The Proactive detection of network security incidents report highlighted several shortcomings of most CERTs in the region which it studied, including the under-reporting of DDoS and targeted attacks; a lack of automation, sandbox analysis and honeypot deployments; and data quality problems.
"The study has identified that CERTs are currently not fully utilising all possible external sources at their disposal – despite their wide availability and relative ease of use, and despite the fact that many CERTs declare their readiness to adopt new sources of information," the report found.
"Similarly, a large number of CERTs do not collect incident data about other constituencies. Even those that do, often do not share this data with other CERTs. This is an area of concern as exchange of such information is key to the effective combating of malware and malicious activities and is extremely important in a cross-border environment."
The report makes recommendations for each of the 16 shortcomings it highlighted in the process of incident detection, including improving data quality by screening for false positives and assigning validity indicators to information streams.
Alongside the technical issues discovered were legal and organisational.

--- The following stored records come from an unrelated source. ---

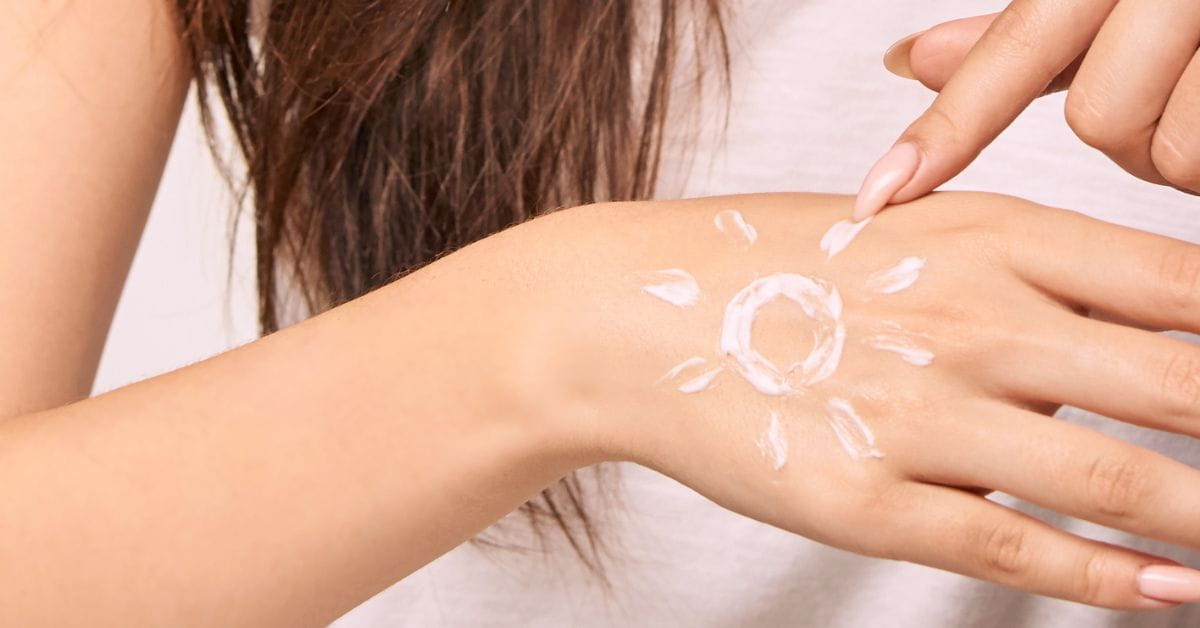 women applying sunscreen on her hand in the shape of a sun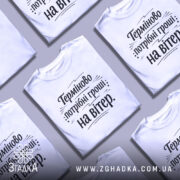 Футболка потрібні гроші. Біла футболка на манекені, з коротким рукавом, на світлому фоні. Принт чорного кольору з текстом "Терміново потрібні гроші: на вітер" розташований по центру.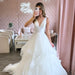 Woman posing in wedding dress in pink room with White Happily Every After Neon Sign by pearlsandlacebb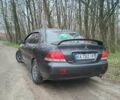 Сірий Міцубісі Lancer, об'ємом двигуна 1.58 л та пробігом 360 тис. км за 4000 $, фото 5 на Automoto.ua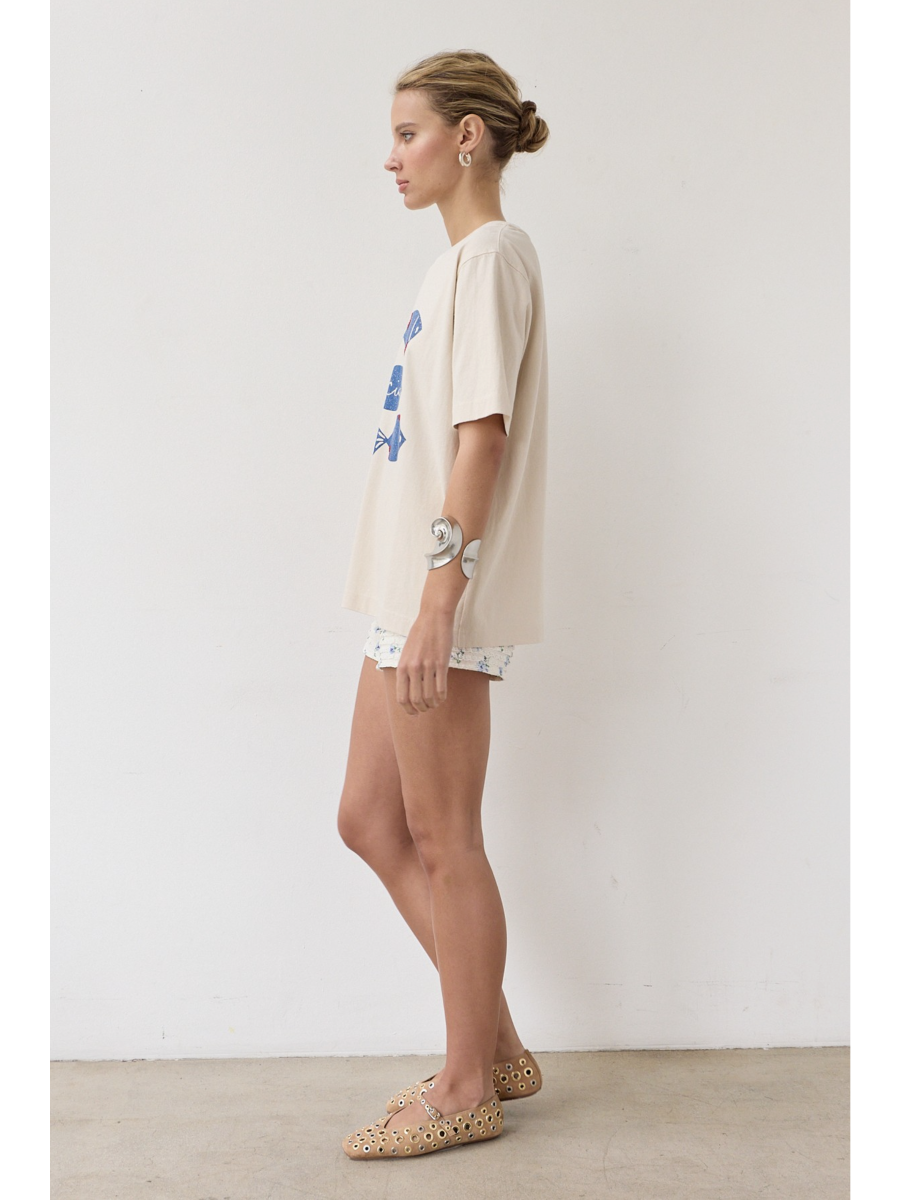Artisanal t-shirt featuring a whimsical fish graphic with unique stitch details on a soft-wash fabric for a soulful, coastal, slow-living aesthetic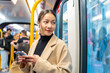 © CandyRetriever  - Asian woman using mobile phone and listening to the music on earphones during travel on train in the city. Attractive girl enjoy urban lifestyle in the city with using wireless technology on device.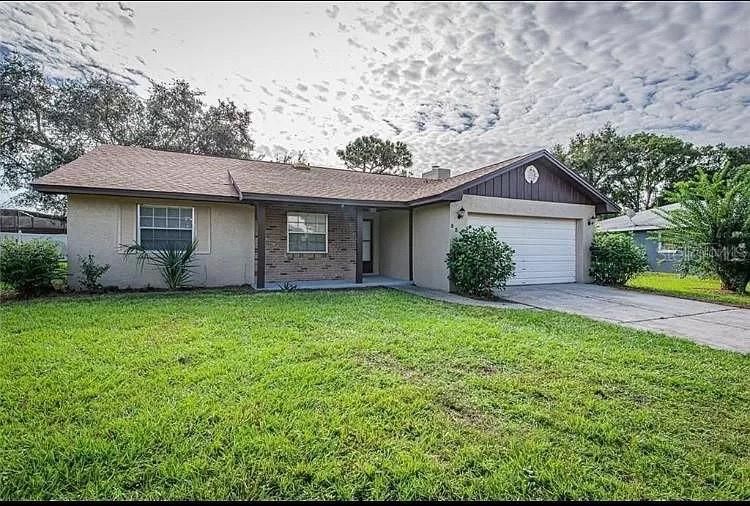 Attached, Backyard, Exterior, Facade, Brick Facade, Ranch
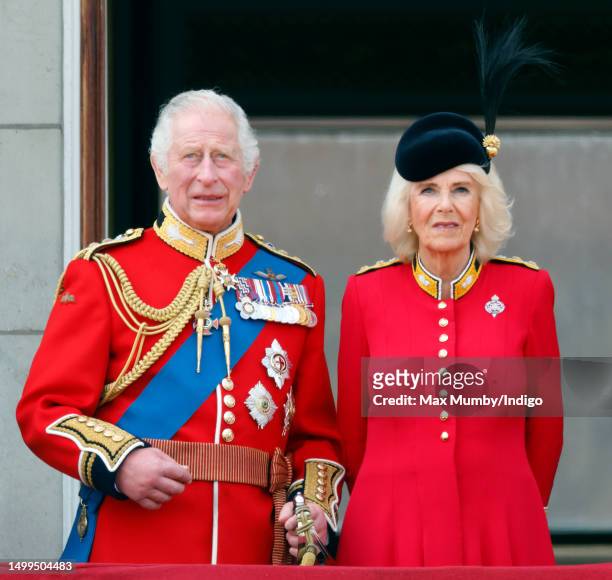 King Charles III and Queen Camilla watch an RAF flypast from the balcony of Buckingham Palace during Trooping the Colour on June 17, 2023 in London,...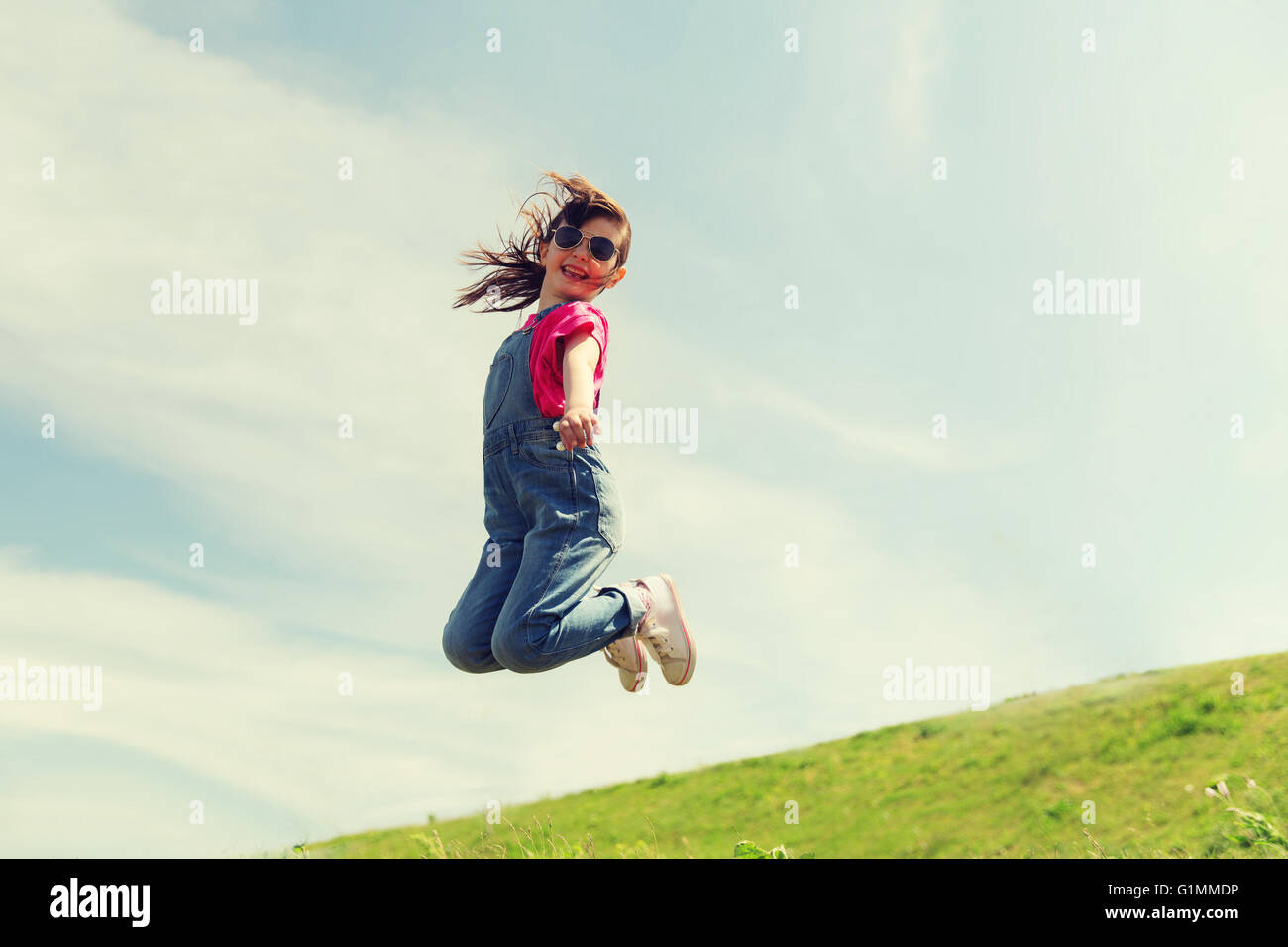 happy little girl jumping high outdoors Stock Photo - Alamy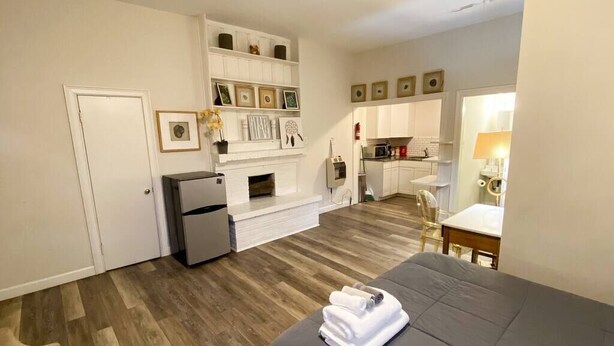 A compact hotel room with a bed, a small kitchenette, a fireplace, and a dining area. - Stylish Studio Apartment in Downtown Lexington (Lexington)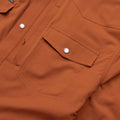 Close up of the pearl snap pockets on the burnt orange shirt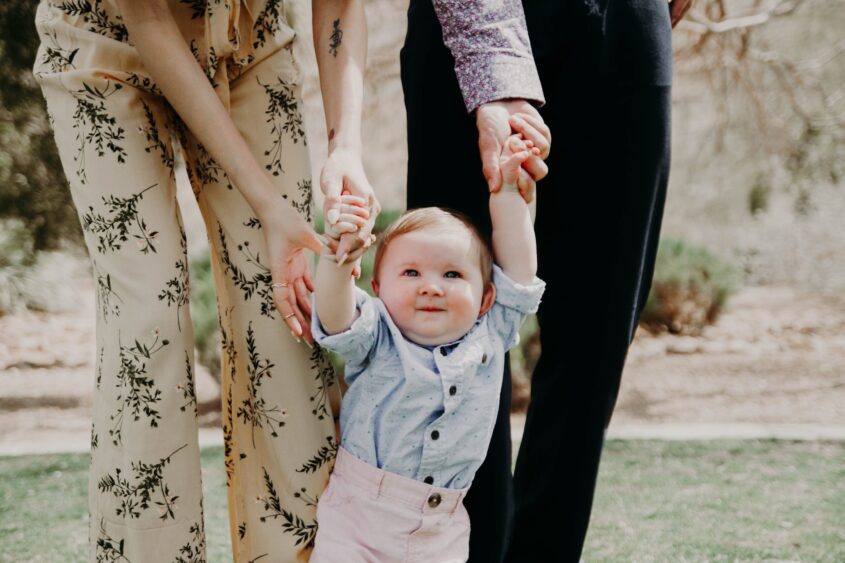 Picture of couple holding hand of toddler walking on grass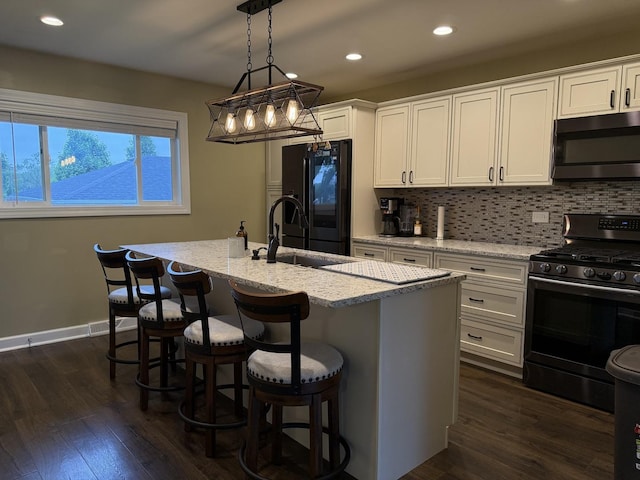 1401 Clement St, Joliet, IL 60435 - kitchen with black appliances, recessed lighting, white cabinets, light stone counters, and tasteful backsplash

Data such as IP addresses, URLs and timestamps, which are an important part of any incident report, are in some jurisdictions and contexts considered personally identifiable information and therefore subject to certain legal conditions, according to Enisa.
"This impacts not only the possibility of sharing data with others, but in some cases means that CERTs are unable to receive data feeds from third parties," the report said.
"In fact, during the expert group meeting some vendors reported that they have experienced cases where CERTs refused to receive incident data concerning their constituency because of legal considerations."
Enisa said it will be conducting another study on this specific area soon.